Loudon County Commission is taking a step back in hopes of getting detailed information on options for a new courthouse annex.
After lengthy discussion, commissioners voted Monday to have architectural firm Michael Brady Inc., develop a side-by-side comparison on costs for a structure on the old Bacon Creamery property in Loudon and on the current Loudon County Courthouse site.
Commissioners Kelly Littleton-Brewster and Van Shaver initially motioned and seconded, respectively, to consider those options and the justice center property at Highway 11 and Sugarlimb Road. However, Littleton-Brewster made an amendment, seconded by Commissioner Matthew Tinker, because the justice center land is located outside the county seat of Loudon. The amendment passed 8-2, with Shaver and Commissioners Harold Duff opposing.
A formal vote on the motion as amended passed 7-3, with Shaver, Duff and Commissioner Julia Hurley opposing.
“I think MBI’s going to be getting us a detailed cost and idea of what each location’s going to cost and I think that’s important if we can go to the old courthouse and 10,000 or 15,000 (square feet) — hopefully 10,000 can go in the back and save us $3 million, I don’t know,” Adam Waller, county commissioner, said. “... Maybe a little hallway connecting too so we don’t put it right against the old courthouse, I don’t know. That’s why I’m curious to see what they come back with.”
Commission during its December workshop discussed at length the creamery property, but Waller said public comment Monday was a factor in the county’s decision to take a step back.
“I think hearing from the sheriff in terms of what he thinks, operating costs, but I also don’t want to forget what the court systems need in terms of Lisa Niles and Steve Harrelson and we can’t leave out what they need so their needs need to be met in whatever we do either place,” Waller said. “There’s a lot of things to consider.”
MBI representatives Jay Henderlight and David Matlock were present Monday. Loudon and Loudon Utilities Board representatives were also present.
Henderlight initially said evaluations for all three initial properties, including the justice center, could be at least $20,000 apiece.
Henry Cullen, commission chairman, said the county budget committee will meet again Jan. 21. He hopes to have funding for the evaluation figured out in time for the February workshop.
Cullen said too many questions were unanswered to give the creamery site “blanket approval.”
“And then $7 million. Can you do it for $7 million?” Cullen said. “... I think we’ve got to take a deep look. A lot of people are rushing off the bridge, ‘Do this, do this, do this.’ I’m not there.”
Commissioners in June authorized issuance of debt for up to a $7 million bond.
Commissioner David Meers initially motioned to open dialogue with LUB on the old creamery site, but he later withdrew the motion for lack of support. He sees benefits in getting more information on both sites.

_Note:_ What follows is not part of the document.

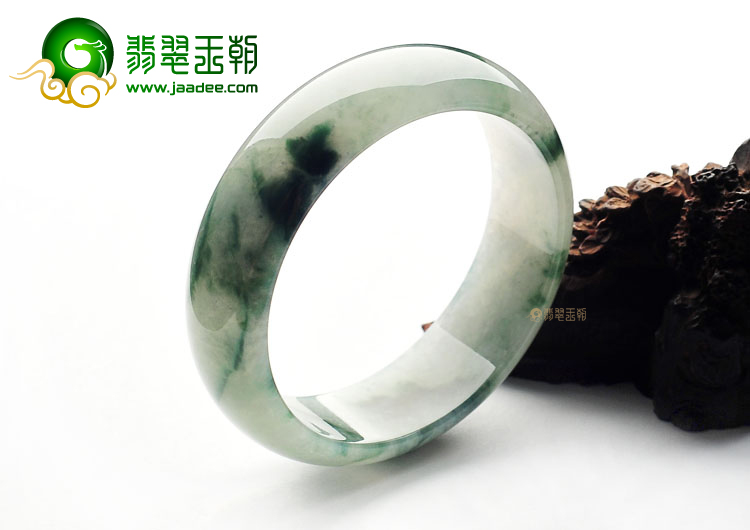 冰种飘花手镯(61.2mm)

“If you have a breakdown, if you have matrix, both proposals, I think it could give us solid information to make a decision that would be best for the county,” Meers said.
Shaver opposed both votes and maintained his desire for the justice center property.

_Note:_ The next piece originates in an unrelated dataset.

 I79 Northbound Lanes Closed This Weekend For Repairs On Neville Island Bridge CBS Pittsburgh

“At this point, if the justice center is out then obviously people are making decisions not what’s best for our men and women in our uniform but they’re making political decisions,” Shaver said. “It’s disappointing to say the least. There’s still a long way to go. This could still change again. I’d like to think more reasonable minds will come together, and the justice center is the really only logical place to go.”
In other news, Loudon County Commission:
• Removed a Priority Ambulance contract on the agenda so that it could be discussed more this month.

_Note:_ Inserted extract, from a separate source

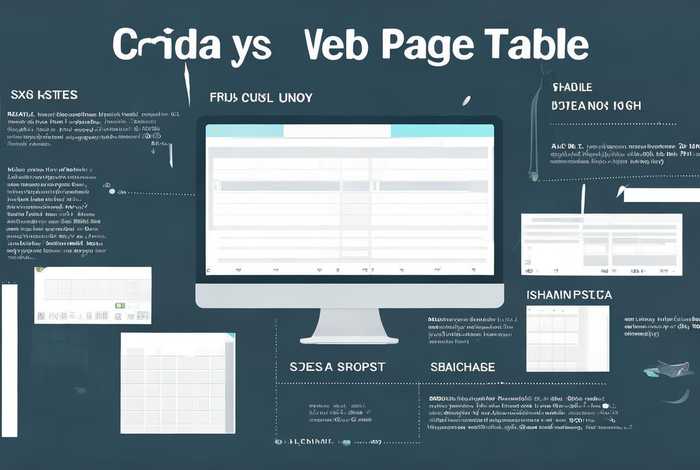web网页设计如何制作，web网页设计如何制作表格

• Approved a resolution to consent and authorize execution of a license and lease agreement between Loudon County, Loudon Utilities Board and Loudon.
• Passed board and committee term updates for the Loudon County Chamber of Commerce Board of Directors, Construction Board of Adjustment & Appeals, Planning & Zoning Study Appeals (ad hoc) and Loudon County Visitors Bureau Board of Directors.
• Authorized a bond resolution for Tellico Area Service Systems and passed a resolution for the county to submit a 2020 Community Development Block Grant application for TASS.
• Amended the county’s zoning resolution, article 7, pertaining to administration and enforcement of Tennessee Code Annotated, section 13-7-105.
• Agreed to send a letter to Gov. Bill Lee opposing refugee resettlement.
• Accepted a $5,000 donation for the construction of a cattery at Loudon County Animal Shelter.
• Approved application and acceptance of $25,000 technology no-match grant for the Loudon County Elections Commission office.
• Amended the County General Fund by increasing full-time staff by one employee and reducing part-time staff by one employee in sessions court.
• Passed reclassification of employee rank structure for the sheriff’s office and jail. Commission increased patrol corporals by one and decreased patrol deputies by one. Three corrections sergeants were added, while three corrections officers were decreased.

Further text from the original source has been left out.